In a circular released Tuesday, December 2, 2025, and signed by the Director, Financial Policy & Regulation Department, FIRS, Dr. Rita I. Sike, the apex bank explained that previous cash policies had been introduced over the years in response to evolving circumstances.
However, with time, the need has arisen to streamline these provisions to reflect present-day realities.
“These policies, issued over the years in response to evolving circumstances in cash management, sought to reduce cash usage and encourage accelerated adoption of other payment options, particularly electronic payment channels.
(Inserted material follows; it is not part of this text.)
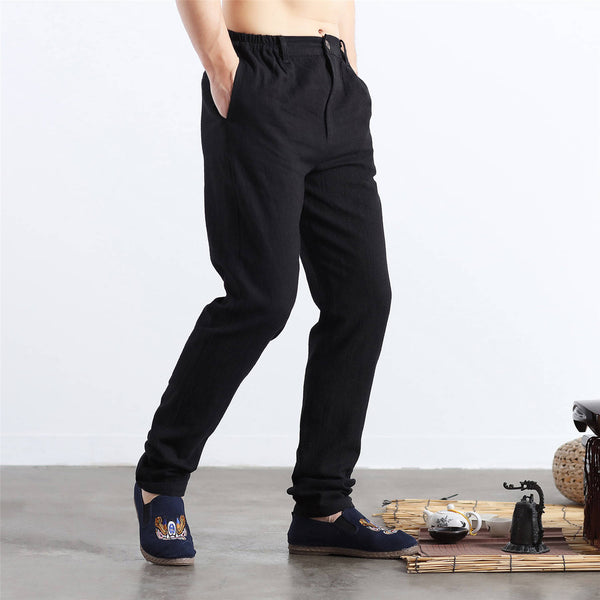 Men Pure Color Cotton and Linen Straight Type Jogger Pants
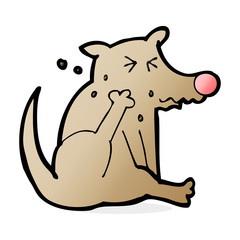 cartoon dog scratching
“Effective January 1, 2026, individuals will be allowed to withdraw up to N500,000 weekly across all channels, while corporate entities will be limited to N5 million”, it said.
According to the statement, withdrawals above these thresholds would attract excess withdrawal fees of three percent for individuals and five percent for corporates, with the charges shared between the CBN and the financial institutions.
Deposit Money Banks are required to submit monthly reports on cash withdrawals above the specified limits, as well as on cash deposits, to the relevant supervisory departments.
They must also create separate accounts to warehouse processing charges collected on excess withdrawals.
Exemptions and superseding provisions
Revenue-generating accounts of federal, state, and local governments, along with accounts of microfinance banks and primary mortgage banks with commercial and non-interest banks, are exempted from the new withdrawal limits and excess withdrawal fees.
However, exemptions previously granted to embassies, diplomatic missions, and aid-donor agencies have been withdrawn.
The CBN clarified that the circular is without prejudice to the provisions of certain earlier directives but supersedes others, as detailed in its appendices.